This was a direct result of a jar of honey I had qualms about (and probably an
aggregate of other concerns & thoughts that we all build up over time on
topics like this).

I wrote the producer an email, but would much prefer voicing my opinion public
- seems that would be a far more effective way to get the issue resolved.

Anyway, I gave it a go with this Open Food Facts site. Here's the product I
added:

[http://world.openfoodfacts.org/product/5220400060/raw-
organi...](http://world.openfoodfacts.org/product/5220400060/raw-organic-
honey-honey-bunny)

My first impression is that the interface is a tad cluttered.

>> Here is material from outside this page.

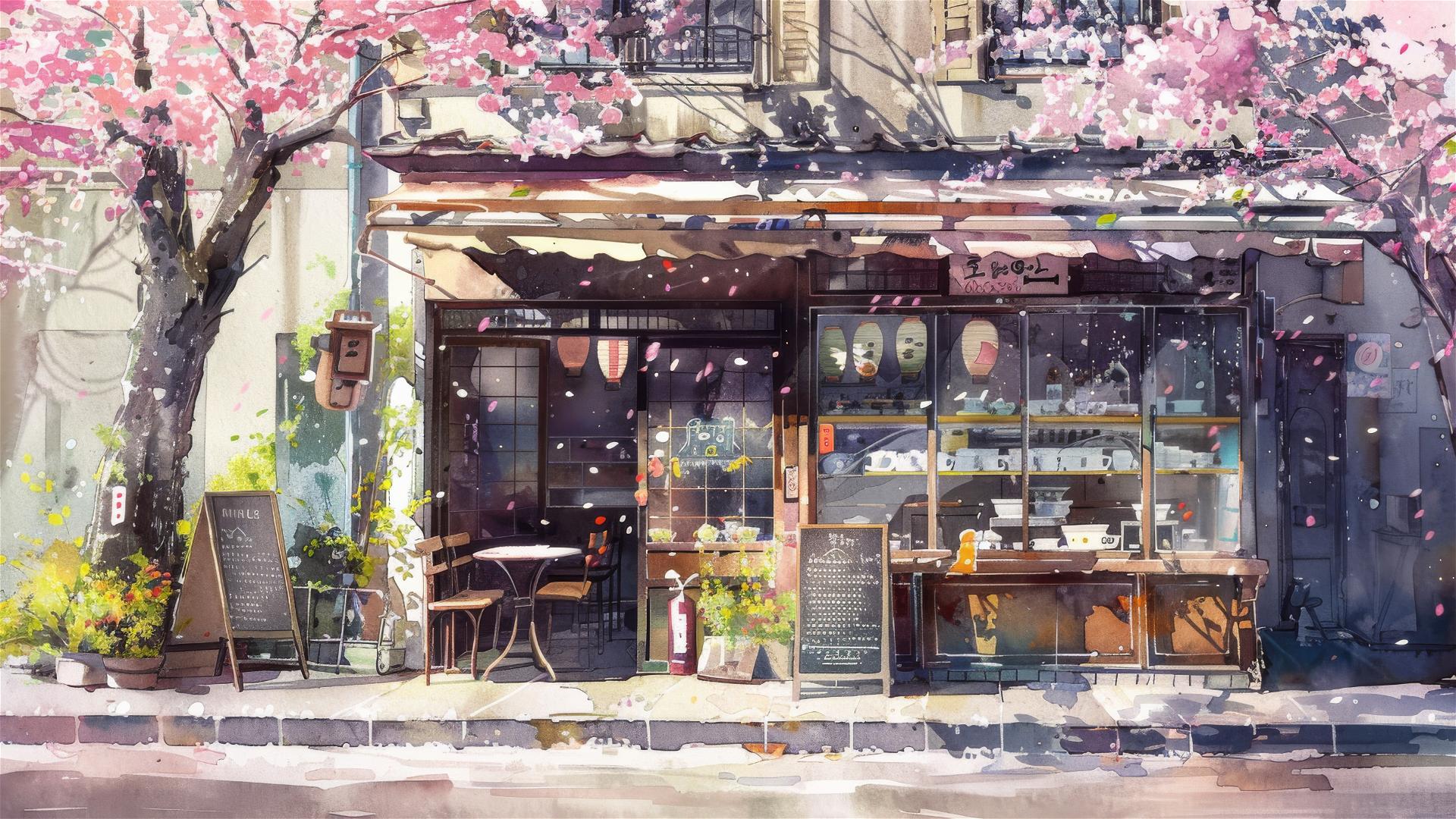Watercolor of a European coffee shop with cherry trees in bloom.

Secondly, some of the categorization fields on the Add Product page are
redundant.

Last & most importantly: my most desired use-case for this application is not
actually accommodated for.

In addition to the detailed product info, which the site does a nice job of
allowing me to enter, I want to be able to leave feedback about the product
itself.

For example, with this particular jar of honey my main gripe was the
film/plastic foil residue left on the outer rim of the jar when you first open
it up. It's great that this product is in a glass jar, is 100% raw and organic
- but when little chunks of plastic foil end up in my honey it totally
invalidates those benefits.

Anyway, the feedback feature could be as simple as a comment thread below the
page. And perhaps thinking a bit father out, ideally: an Amazon style review
system.

Either way - love the progress so far, props for a great app already.

------
leetrout
This looks like a great free alternative to Nutritionix and/or MyFitnessPal.
I've never been approved for a MFP API account. I'm definitely going to be
checking this out!

So many places charge outrageous sums for this data, especially if you have
UPCs. I didn't see UPCs anywhere on the site- any plans to track those as
well?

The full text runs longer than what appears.